— AIM OF THE TASK —
Would you print the lines below exactly, beginning at the line that has "Star Nutrition Ultimate" and stopping after the line that has "Ужас из космоса"? Only those lines, and no pictures.

━━━ RECORDS TO PROCESS

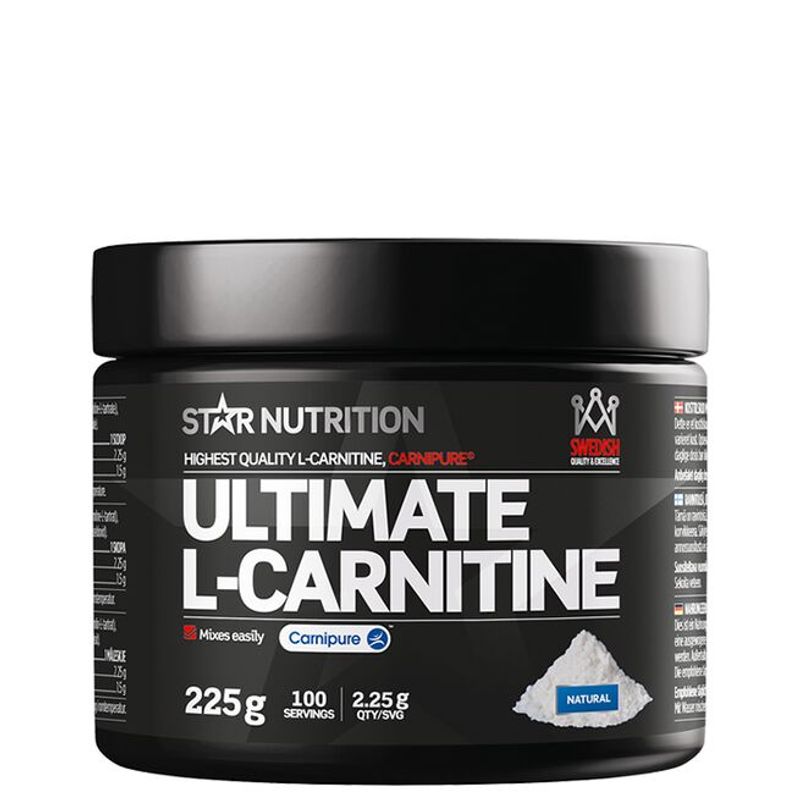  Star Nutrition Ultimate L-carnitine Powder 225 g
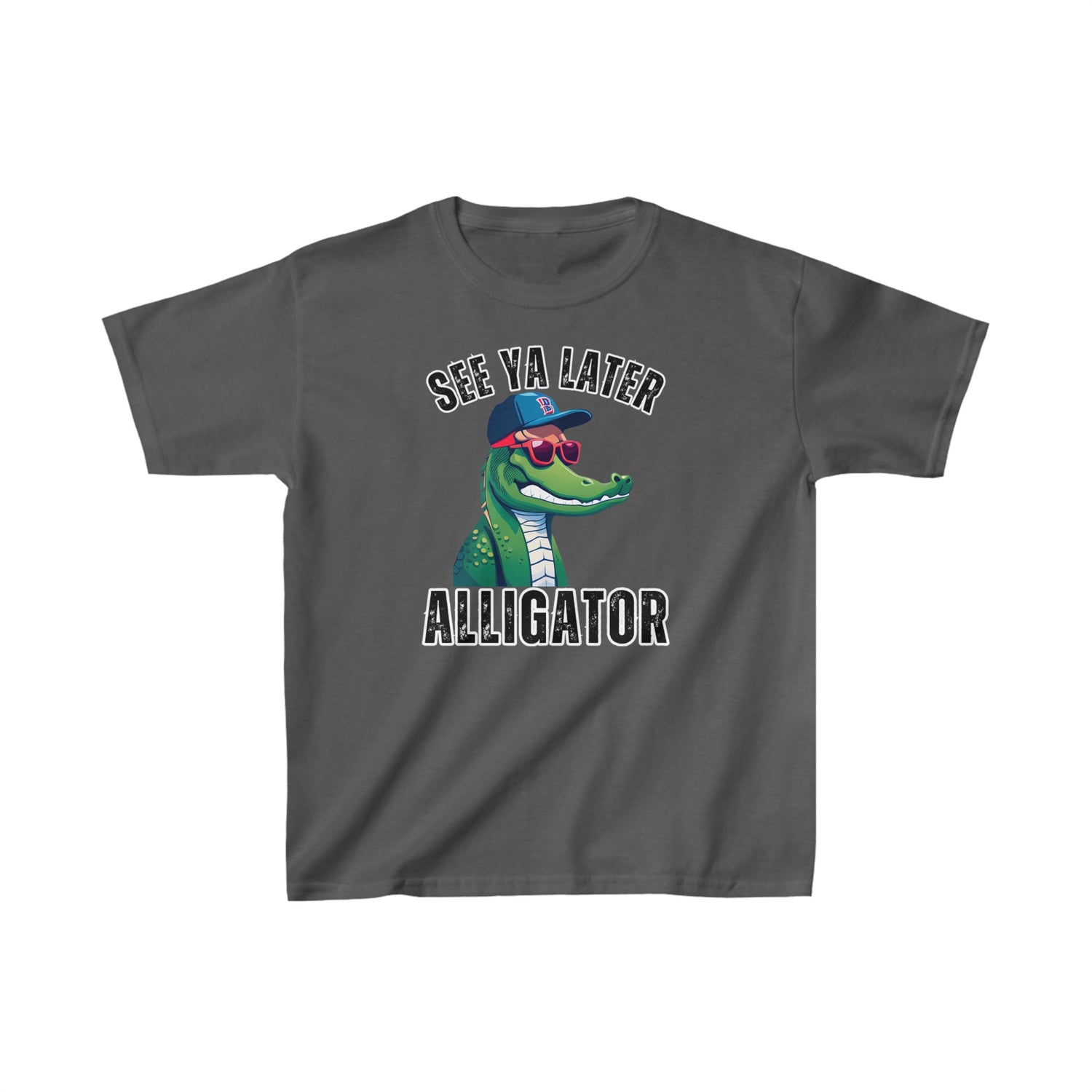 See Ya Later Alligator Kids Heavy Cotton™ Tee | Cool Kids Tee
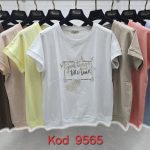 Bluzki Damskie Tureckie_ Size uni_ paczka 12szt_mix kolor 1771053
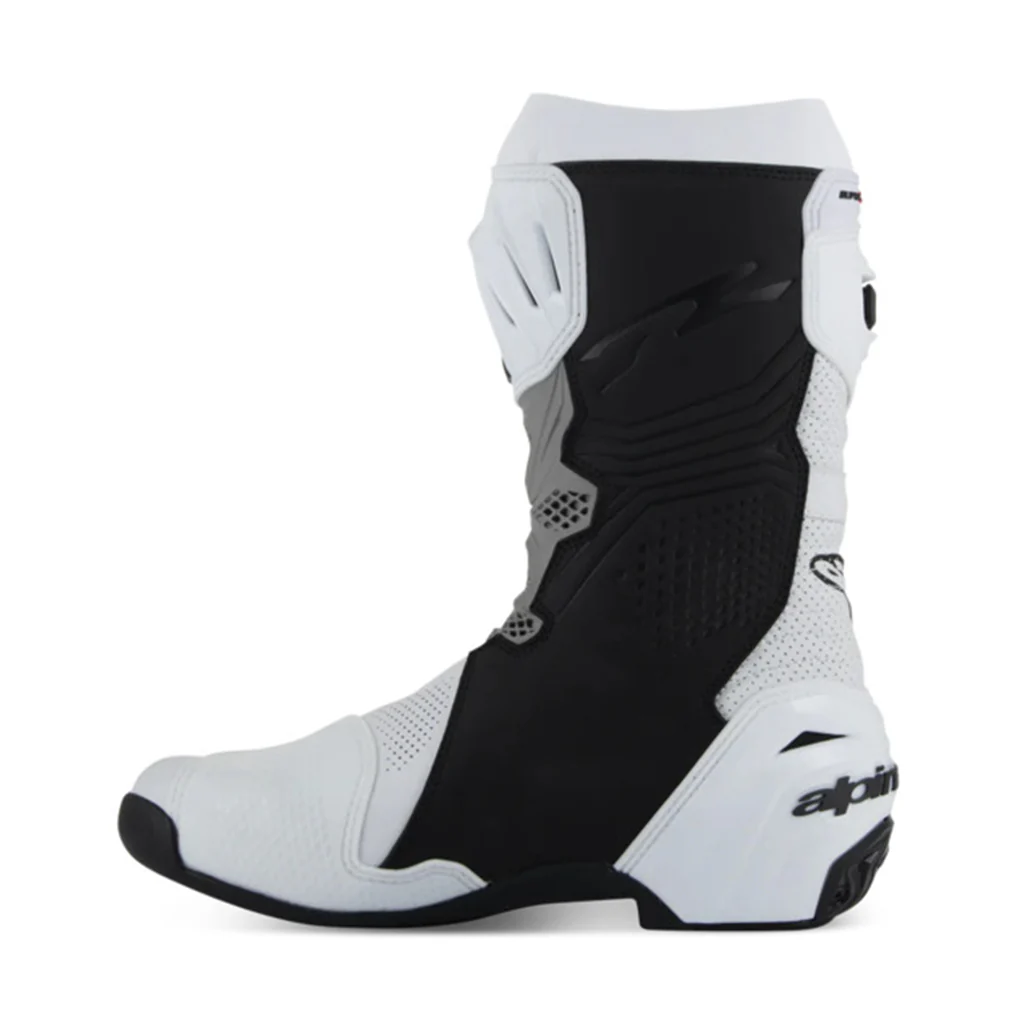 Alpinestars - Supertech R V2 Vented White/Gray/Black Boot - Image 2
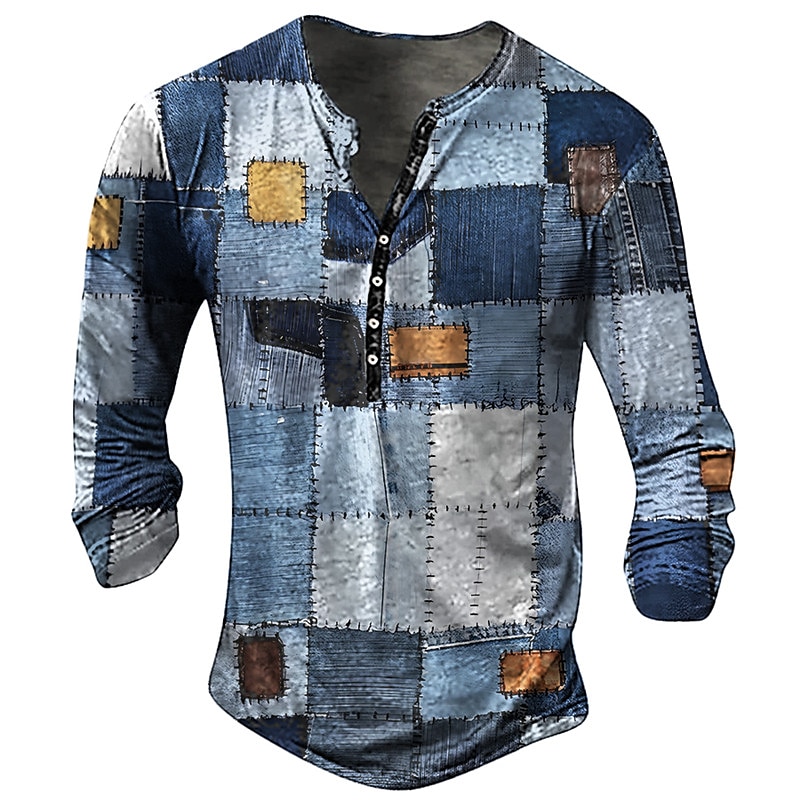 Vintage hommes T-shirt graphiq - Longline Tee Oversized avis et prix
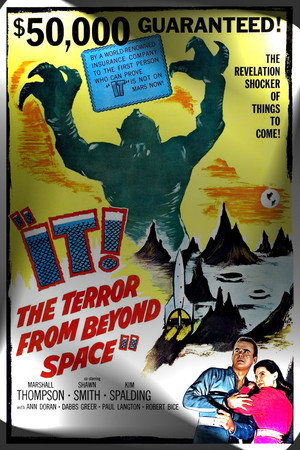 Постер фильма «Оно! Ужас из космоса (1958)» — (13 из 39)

━━━━━━
━━━ RECORDS TO PROCESS

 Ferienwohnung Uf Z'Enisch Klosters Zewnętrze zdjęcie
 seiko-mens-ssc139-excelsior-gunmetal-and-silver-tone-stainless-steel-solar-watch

━━━━━━

— ANSWER —
  Star Nutrition Ultimate L-carnitine Powder 225 g
 See Ya Later Alligator Kids Heavy Cotton™ Tee | Cool Kids Tee
 Bluzki Damskie Tureckie_ Size uni_ paczka 12szt_mix kolor 1771053
 Alpinestars - Supertech R V2 Vented White/Gray/Black Boot - Image 2
 Vintage hommes T-shirt graphiq - Longline Tee Oversized avis et prix
 Постер фильма «Оно! Ужас из космоса (1958)» — (13 из 39)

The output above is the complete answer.